Depuis leur prise de pouvoir, les nouvelles autorités affirment leur engagement à protéger les minorités. Pourtant, le pays a connu des épisodes violents : des massacres d’alaouites sur la côte en mars dernier, et des affrontements avec les Druzes dans le sud en juillet. Ces incidents ont semé le doute sur la capacité du pouvoir central à garantir une coexistence pacifique dans un pays profondément divisé.

L’accord avec les Kurdes représente donc une victoire stratégique majeure pour Ahmad al-Chareh. Il permet non seulement de sécuriser des ressources pétrolières vitales, mais aussi de projeter une image de stabilité et d’unité nationale, cruciale pour consolider son régime naissant.

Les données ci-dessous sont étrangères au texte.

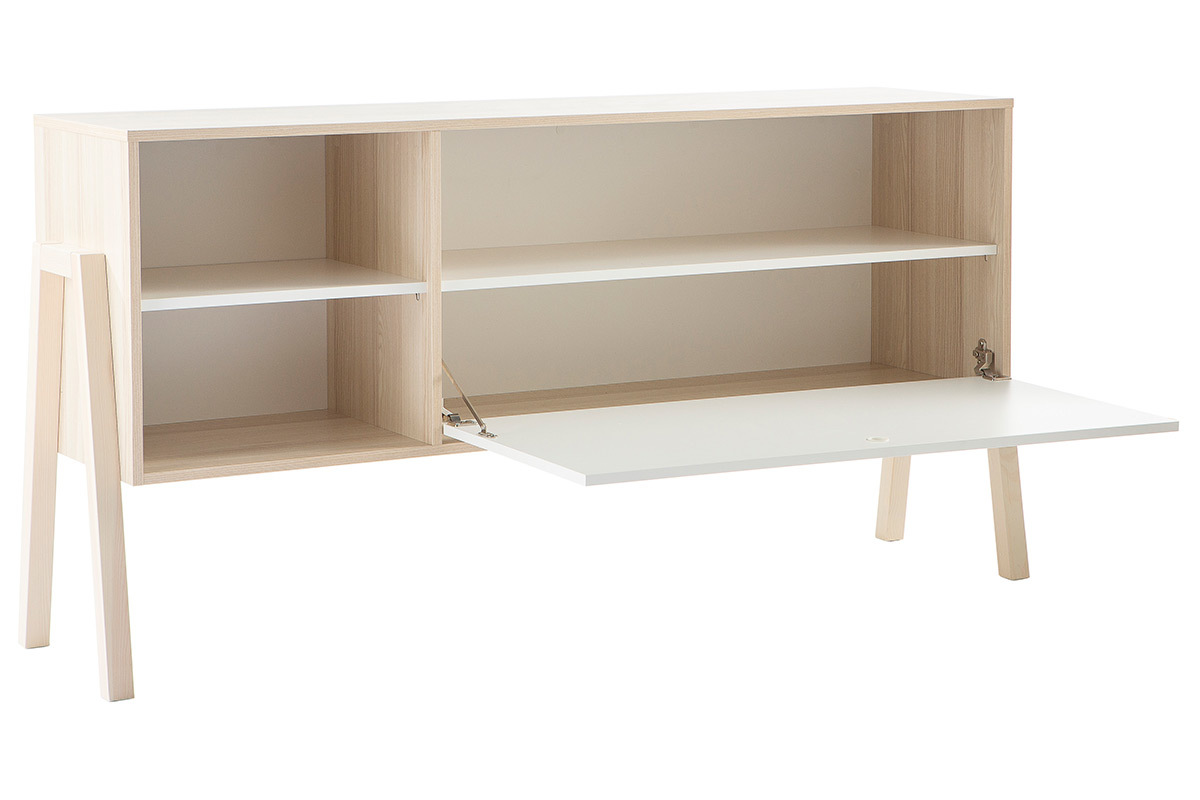 Buffet scandinave blanc et bois clair EASY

Réactions régionales et internationales autour de l’accord

Le président turc Recep Tayyip Erdogan, allié du nouveau pouvoir syrien et farouche opposant aux FDS (qu’il associe au PKK), a réagi promptement. Il a averti que toute tentative de « saboter » l’accord serait « écrasée » sans ménagement. Cette déclaration souligne les enjeux géopolitiques : la Turquie surveille de près l’évolution dans le nord syrien, où elle a mené plusieurs opérations militaires par le passé pour contrer l’influence kurde.

Du côté de Kobané, ville symbole de la résistance kurde contre l’État islamique en 2015, les forces gouvernementales ont commencé à se déployer autour de la poche isolée, située dans la province d’Alep. Séparée territorialement du reste de la zone kurde, Kobané reste un lieu chargé d’histoire et d’émotions pour les Kurdes.

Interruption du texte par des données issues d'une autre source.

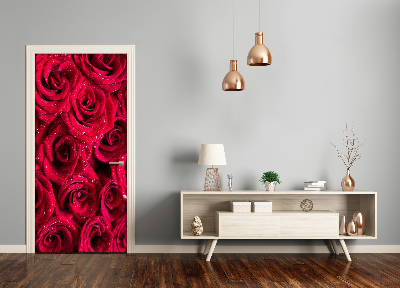 Adesivo per porta interna Rose rosse
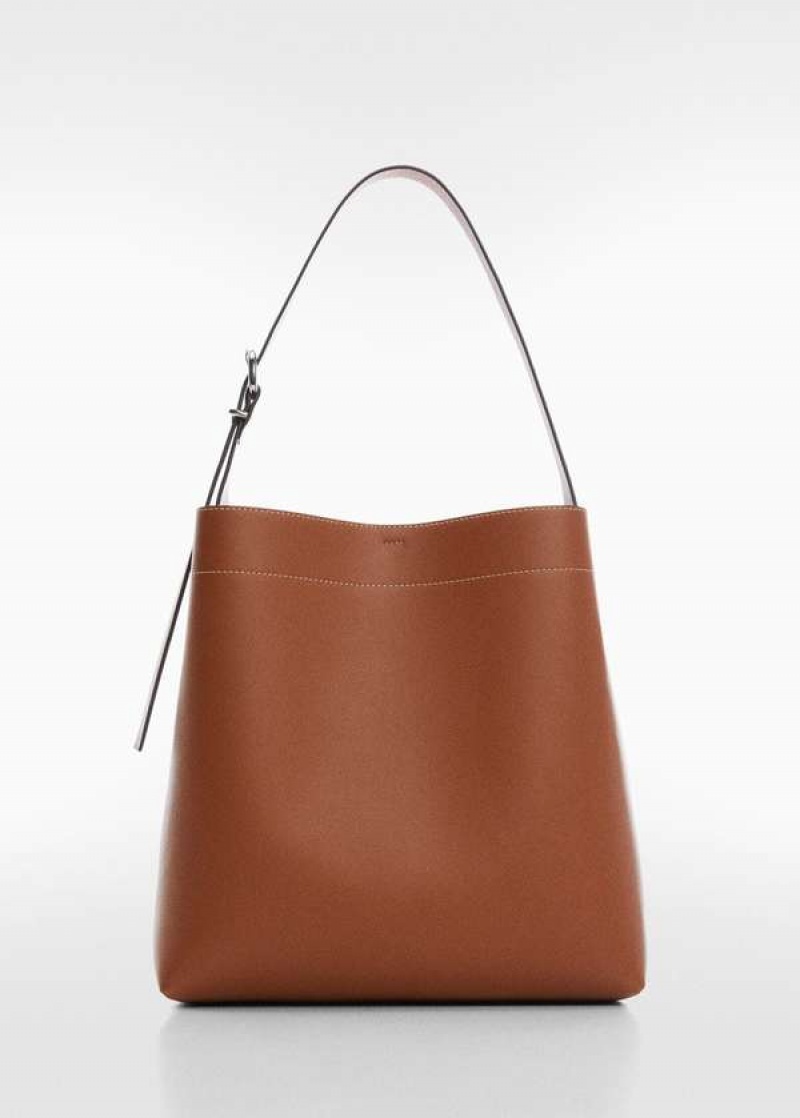 Mango Krátké Handle Shopper Bag | MNG-23301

Les États-Unis, qui ont longtemps soutenu les FDS dans leur combat contre les jihadistes, ont ajusté leur position en soutenant désormais le nouveau pouvoir syrien. Cette évolution reflète un pragmatisme géopolitique face à la nouvelle réalité sur le terrain.

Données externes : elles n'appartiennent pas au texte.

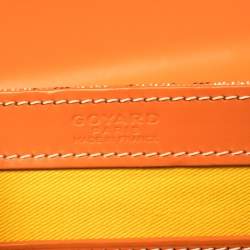 Pre Owned Goyard Orange Coated Canvas and Leather Saigon PM Top Handle Bag
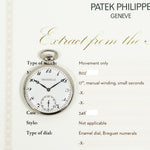 Patek Philippe Patek Pocket Watch Circa 1936 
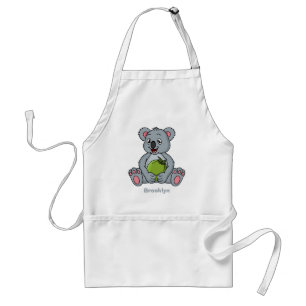 Tablier Illustration de la koala de Cute et de la noix de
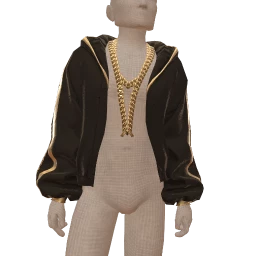 Ikon Elite Noir Links Oversize Jacket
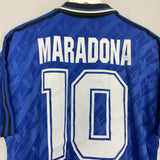 Shop 1994 ARGENTINA MARADONA #10 AWAY SHIRT (L) ADIDAS, classic football shirts, vintage football shirts & retro soccer jerseys at Cult Kits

Conséquences à long terme pour la Syrie et les Kurdes

Cet accord marque la fin officielle de l’expérience autonome kurde en Syrie, forgée dans le feu de la guerre civile. Les Kurdes, qui ont payé un lourd tribut dans la lutte antiterroriste, se retrouvent désormais intégrés dans un État centralisé dirigé par un pouvoir islamiste. Si l’intégration se passe sans heurts majeurs, elle pourrait ouvrir la voie à une stabilisation durable.

Mais les défis restent immenses. La préservation des droits culturels, la gestion des ressources, la réconciliation entre communautés : autant de dossiers qui nécessiteront une vigilance constante. Le couvre-feu et les déploiements limités montrent que la transition reste fragile.

Pour la Syrie entière, cette étape représente un pas vers la réunification après des années de division. Elle pose aussi les bases d’une nouvelle gouvernance, où l’autorité centrale prime sur les autonomies locales. Reste à voir si ce modèle centralisé parviendra à rassembler un pays traumatisé par plus d’une décennie de conflit.

Les prochains jours seront cruciaux : le transfert des ressources stratégiques, l’intégration effective des brigades kurdes, le respect du cessez-le-feu. Hassaké n’est que le début d’un processus long et complexe, dont l’issue déterminera l’avenir de la Syrie post-guerre civile.

Dans cette période de transition, chaque geste compte. Les scènes de joie à Hassaké contrastent avec les appréhensions légitimes d’une population qui a beaucoup souffert. L’accord offre une chance de paix, mais son succès dépendra de la bonne foi de toutes les parties impliquées.

La Syrie observe, attentive, les développements à venir dans cette région stratégique. L’entrée des forces à Hassaké n’est pas seulement un fait militaire : c’est le symbole d’une page qui se tourne, pour le meilleur ou pour le pire.